The judicial system of a country needs to be efficient in order to ensure effective overall administration. However, when the British came to the country, the judicial setup in India was in dire need of reform as it suffered from defects like lack of uniform laws learned people to adjudicate disputes and administer justice. They saw these defects and sought to establish a system that could cater to these. Warren Hastings and Lord Cornwallis introduced their Judicial Plans, beginning in 1772. These plans established a hierarchy of courts and designated officials who were to decide matters, taking help from advisors who were well-versed with the parties’ personal laws. This system formed the basic framework for the system of courts that we have today. Law Commissions convened during the period helped enormously in laying down uniform laws. The principles of justice
, equity and good conscience, also made their way into the legal system.
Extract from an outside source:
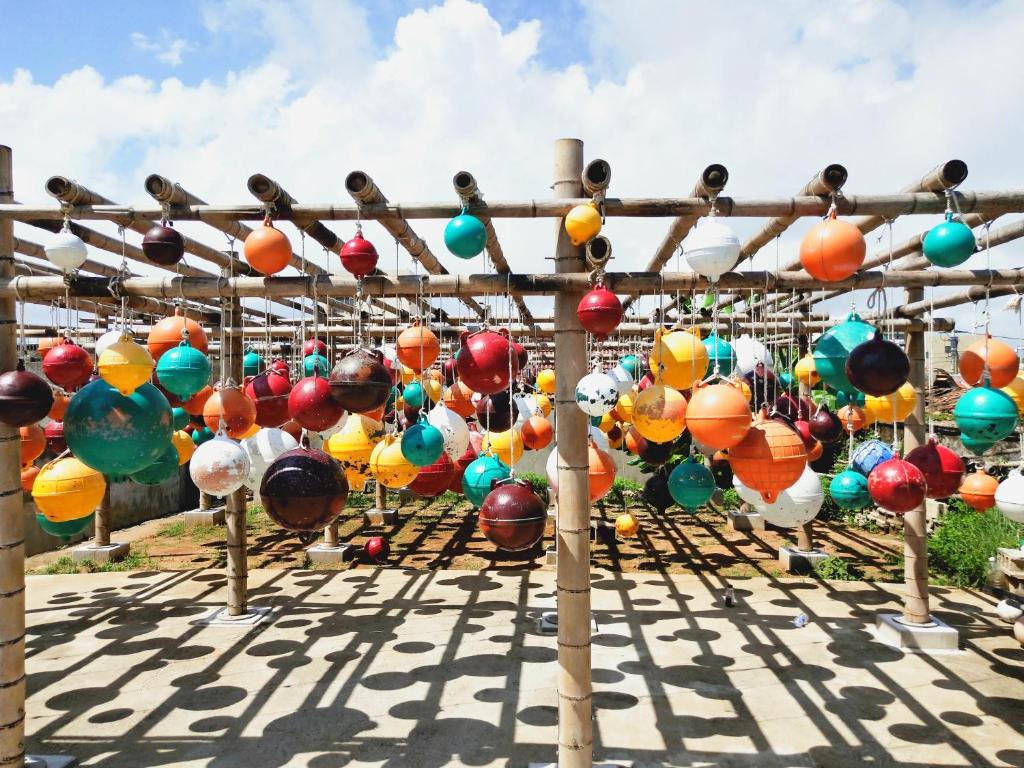 a bunch of colorful glass ornaments on a pole at Early Summer in Huxi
Though the British may have introduced these changes for their own administrative convenience, yet these changes contributed significantly to the modern Indian legal system.
Prior to the establishment of a proper system regarding the administration of justice in India, there was an extremely decadent system in place whose very existence itself was a grave injustice. People could neither access judicial institutions easily, nor could they depend on these to give them a fair and equitable judgement. In addition to that, there was not much proportionality between the offence committed and punishment awarded (Retributional Justice was gravely lacking, and was one of the many reasons for people to grow disillusioned with the legal system in place.)
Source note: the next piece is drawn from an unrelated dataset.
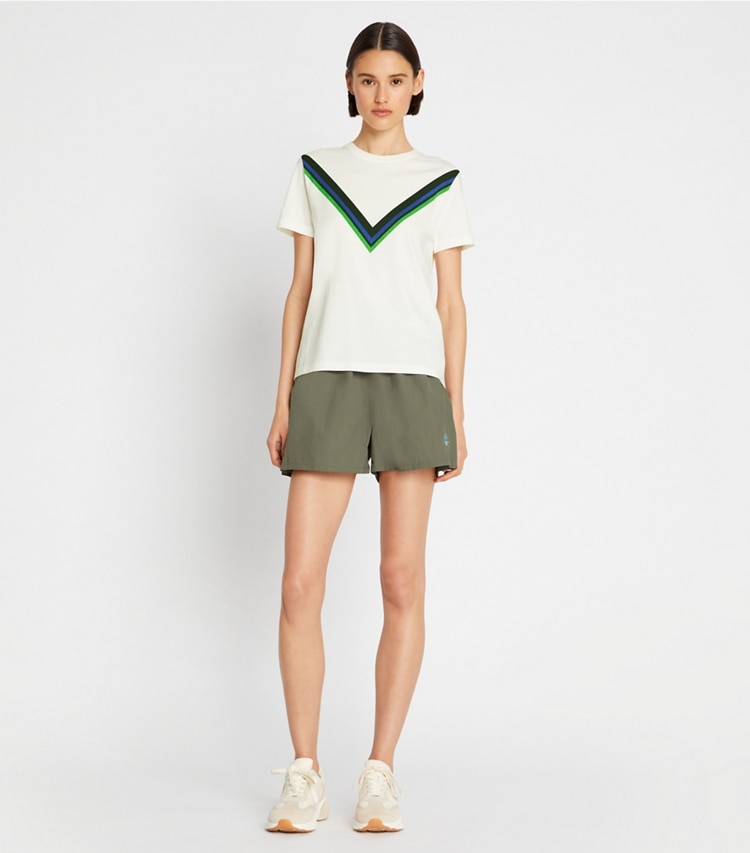 Tory Sport designer tops Tempo Chevron T-Shirt in Snow White / Conifer on model front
Furthermore, corruption was rampant, and the local law officers (Kazis, Mufti’s and the Maulavis) were very prone to deciding cases in favour of people who could pay for the judgements to go in their favour (which entirely defeated the function of a court’s existence, violating the principle of natural justice and sending a highly incorrect message to the public). The Mughal Empire, when it was at the height of its power, had employed two officers in order to conduct administration in the provinces also known as Subhah’s, namely the Nawab and the Diwan. The Nawab handled matters of military and criminal justice and law order; whilst the Diwan handled mattes with regard to revenue collection and administration of civil justice and revenue cases or disputes.
But even they were extremely inefficient in carrying out their judicial responsibilities. One can fairly deduce from their modus operandi
that they were highly disinterested in the performance of these functions (their lack of efficiency can also be attributed to, too many functions in their hands leading to a scenario where they over worked). Each would delegate their responsibility to their assistants (Daroga-adalat-al-alia as the assistant for the Nawab, and the Daroga-i-adalat, for the Diwan). But they were again very corrupt due to acceptance of bribes and money in order to adjudicate matters.
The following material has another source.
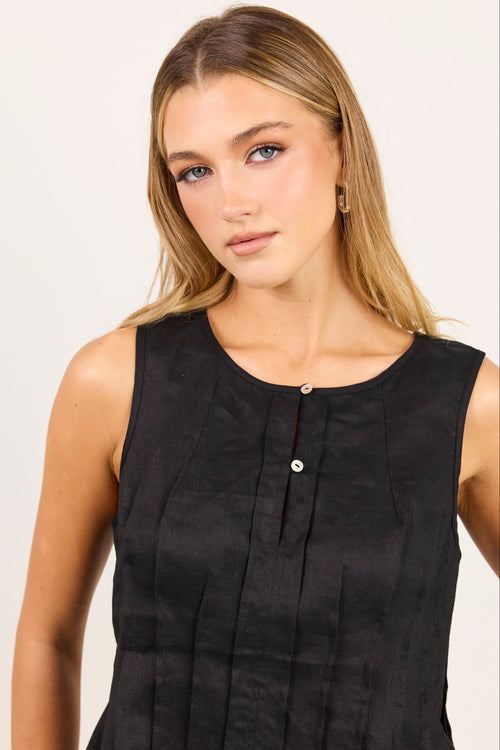 A woman modeling a sleeveless black top with a round neckline and a small button detail at the center front, set against a plain light background.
Once the East India Company attained the right of Diwani (which gave them the powers of the Diwan-to adjudicate civil and revenue matters and collect revenue, keeping any surplus after collection for themselves) for an annual sum of Rs. 26 Lakhs, they brought in Lord Hastings (after the EEIC completely failed in carrying out its duties under Diwani) to turn things around. They needed him to create a uniform system, a system that would be people friendly and serve justice according to the natural principles of justice. Furthermore they needed a system, which was simple, and efficient in order to serve the following two purposes:
- Collection of revenue for the EEIC
- Creating a uniform and easily understandable system of justice that was people friendly and that aided not just the British nationals, but also the natives living within their territories.
This was the job entrusted to Warren Hastings, when he was the Governor of Calcutta. He was asked by the Court of Directors to employ methods that would reduce the oppression of the Zamindars and other officials who were over-using their power for all the wrong reasons, thereby causing undue pain and harm to the local peasants. It must be noted that the British were extremely prudent in realising the unmistakable link between revenue and civil matters. Having this thought in mind, helped them ensure that not only their aims in India were reached but more importantly the interests of the people were neither neglected nor forgotten. These were the conditions to which Warren Hastings was introduced and given the task of devising a new legal system, which ultimately came to be known as the Adalat System.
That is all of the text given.